Hi all,
I saw a comment in nodemanagerservice.py about moving host registering into
registerWithClusterManager function. I considered this when I was coding host
registration, but then I decided to add a registerHost function, because
registerWitClusterManager function is running in a loop and registering is
needed only when starting node manager.
But yes, probably it makes sense to implement host registration inside
registerWithClusterManager function (and insert it before loop). I have tested
the code below on our cluster and it works (I removed registerHost function and
self.registerHost call from nodemanagerservice.py).
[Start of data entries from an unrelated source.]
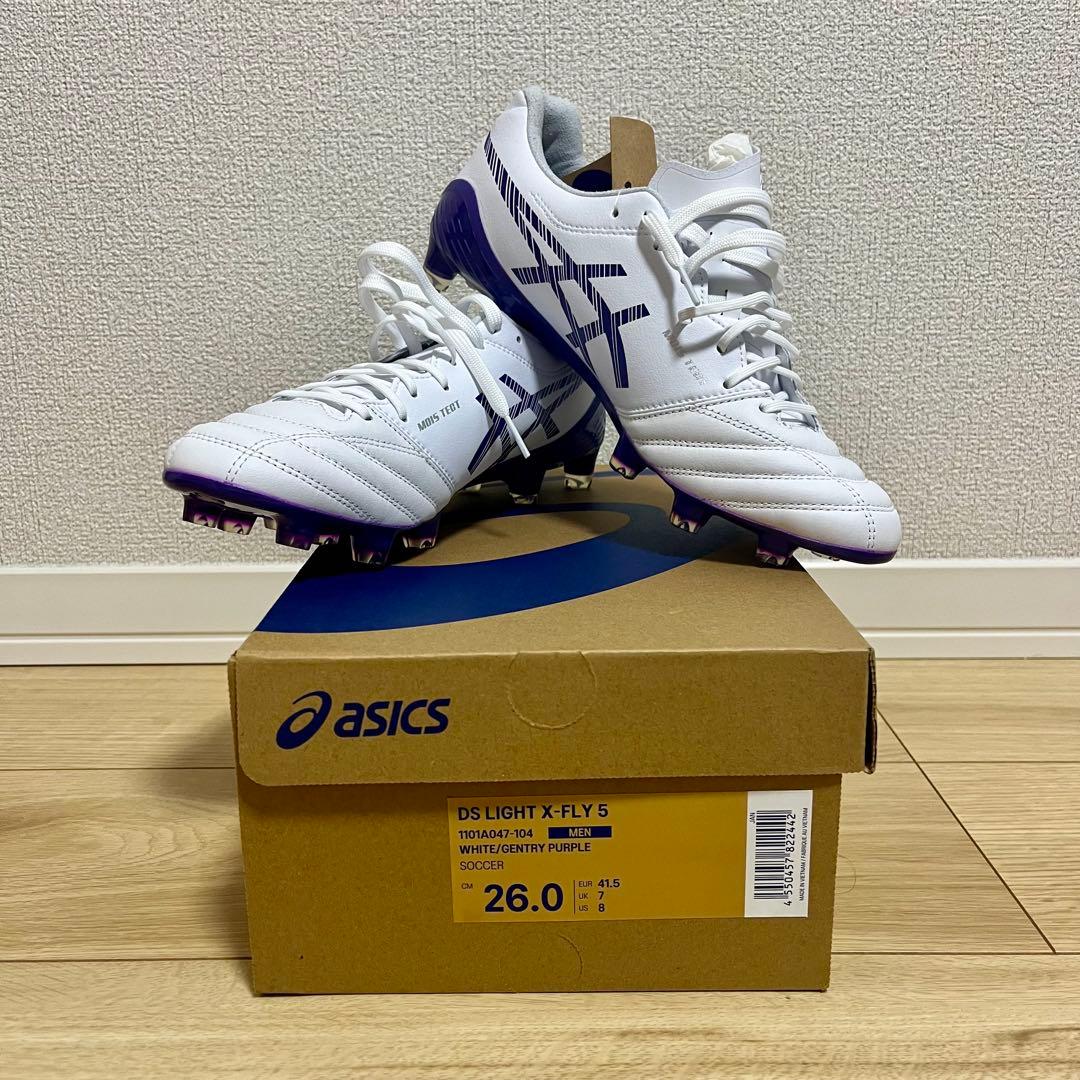 新品 アシックス サッカースパイク DS LIGHT X-FLY 5 26cm
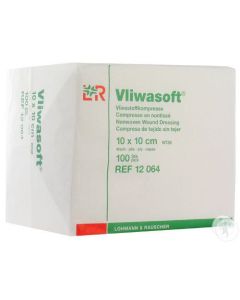 Vliwasoft non woven kompressen 10x10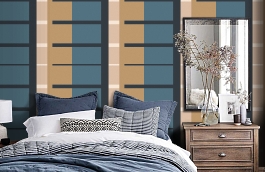 Обои CRF1 021 фото в интерьере спальни превью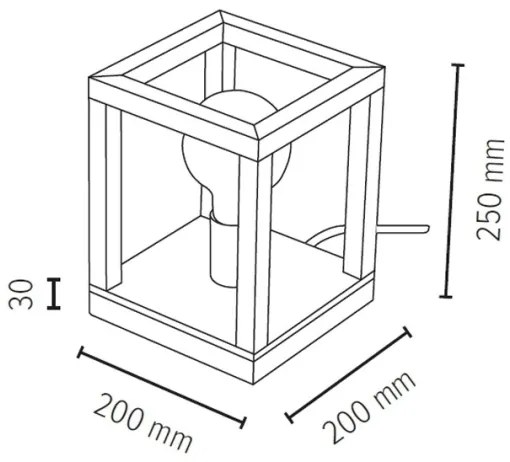 Spot-Light 7154174 - Lampă de masă KAGO 1xE27/60W/230V, stejar mat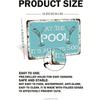 Metal Wall Art Retro Poolside Decor Vintage Cocktail Party Plaque Home Bar Art Swimming Pool Wall Sign Leisure Man Cave Gift
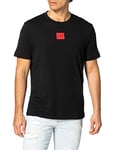 HUGO Mens Diragolino212 Regular-fit Cotton T-Shirt with red Logo Label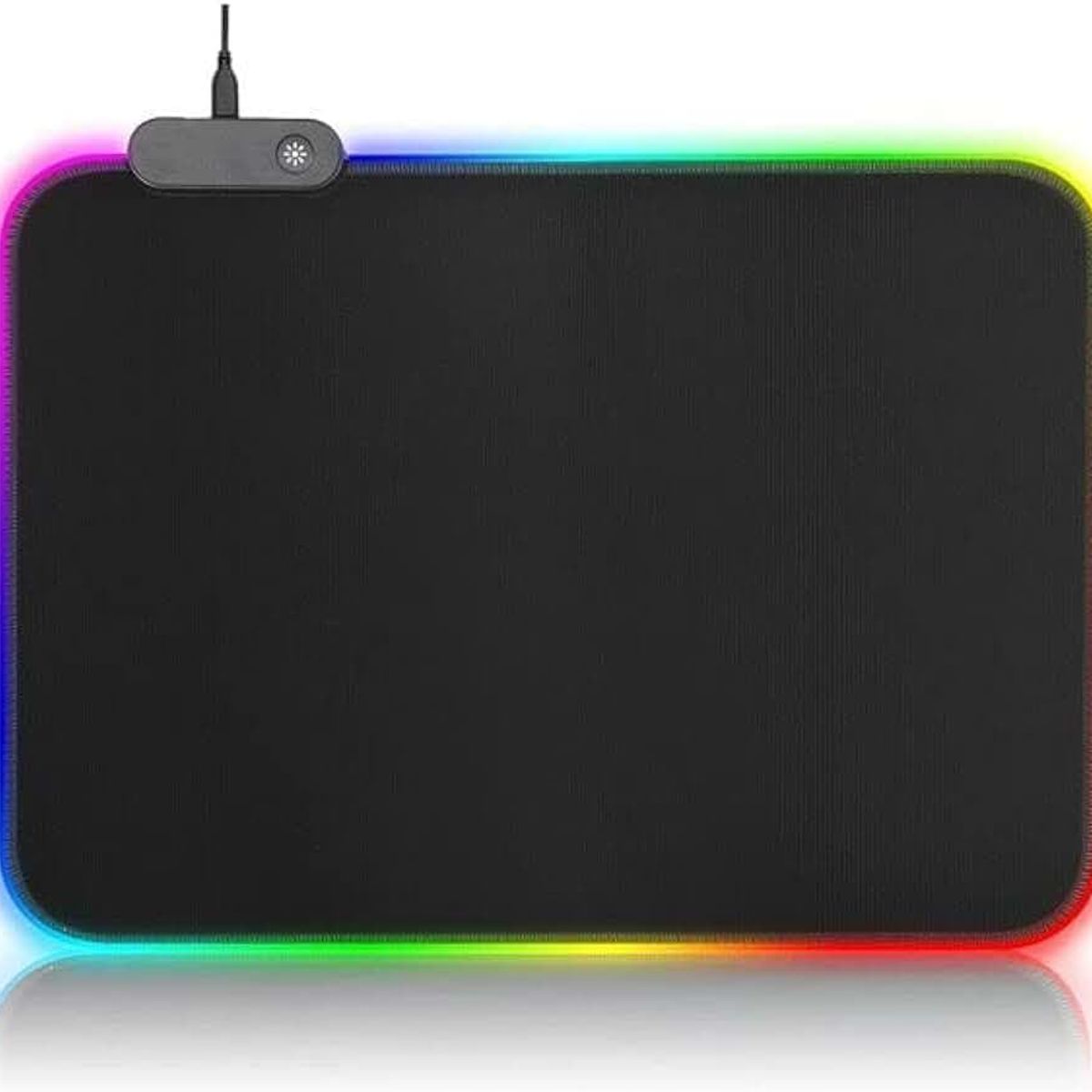 GENERICO - Pad Mouse Gamer Rgb Iluminado Usb Plug De 25 x 35 cm x 04 mm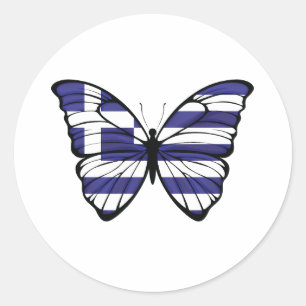 Griekenland Hypolimnas Butterfly Ronde Sticker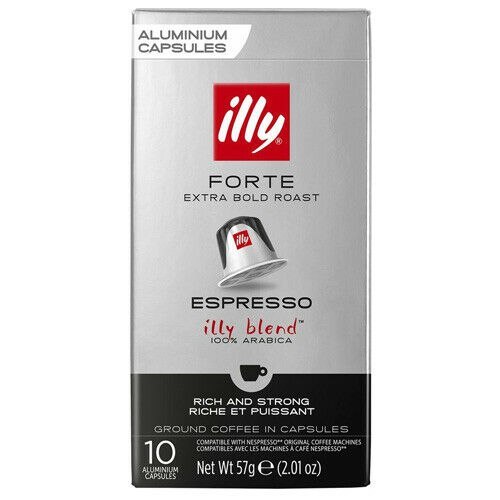 Kapsule pre Nespresso Illy Espresso Forte 10 kusov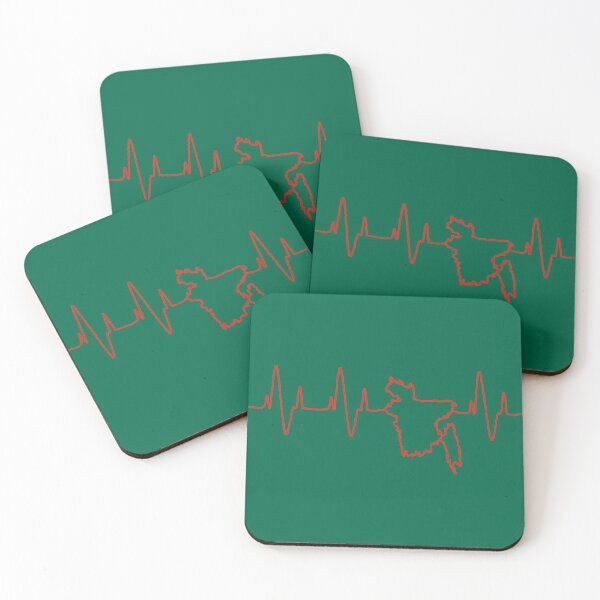 Item preview, Heartbeat Pulse Bangladesh Map (Red pulse) designed and sold by dezanli.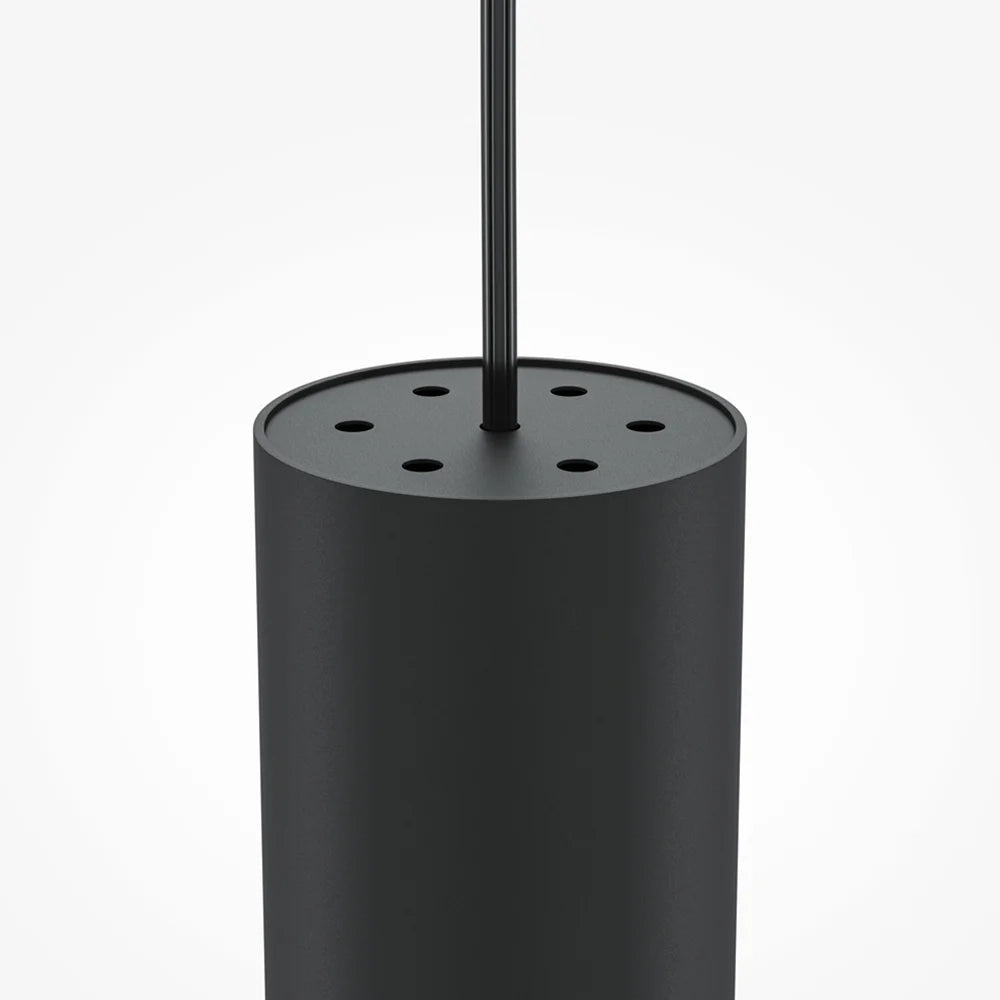 Lampadario Moderno Pro Focus Alluminio Nero 1 Gu10 Ip20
BTW: Why are you using some default values zero for registration - getHostInfo
can be used to retrieve host information and then these values can be added to
the backend storage?
def registerWithClusterManager(self):
cm = ConnectionManager(self.username, self.password,
self.cmPort)[self.cmHost]
now = datetime.datetime.now()
version = now.strftime("%Y-%m-%d")
host = self.vmm.getHostInfo(self)
cm.registerHost(host.name, host.memory, host.cores, version)
while True:
start = time.time()
try:
host = self.vmm.getHostInfo(self)
instances = self.instances.values()
self.id = cm.registerNodeManager(host,
instances)
except Exception, e:
self.log.exception('Failed to register with the
CM')
toSleep = start - time.time() + self.registerFrequency
if (toSleep > 0):
time.sleep(toSleep)
There is one more thing - in the s...@soi project [1][2] we are using Tashi and
we have added some functionalities to Tashi which are required by s...@soi
framework. You can find some basic info on [3]. We have also published s...@soi
modified Tashi code [4] to provide s...@soi users all required components for
running s...@soi framework.
In case that you find some functionalities as interesting, we will be happy to
make patches and help you merge them into Tashi.
Best regards,
Miha
[1] http://sourceforge.net/projects/sla-at-soi/
[2] http://sourceforge.net/apps/trac/sla-at-soi/
[3] http://sourceforge.net/apps/trac/sla-at-soi/wiki/SlasoiTashi
[4]
https://sla-at-soi.svn.sourceforge.net/svnroot/sla-at-soi/trunk/infrastructure-servicemanager/tashi/
----- Original Message -----
From: [email protected]
To: [email protected]
Sent: Thursday, December 9, 2010 3:41:36 AM
Subject: svn commit: r1043823 - in /incubator/tashi/trunk/src/tashi: client/
clustermanager/ clustermanager/data/ nodemanager/
Author: stroucki
Date: Thu Dec 9 02:41:36 2010
New Revision: 1043823
URL: http://svn.apache.org/viewvc?rev=1043823&view=rev
Log:
=== Changes from Michael Stroucken
- nodemanager.py
- get fresh instance data (per Miha Stopar)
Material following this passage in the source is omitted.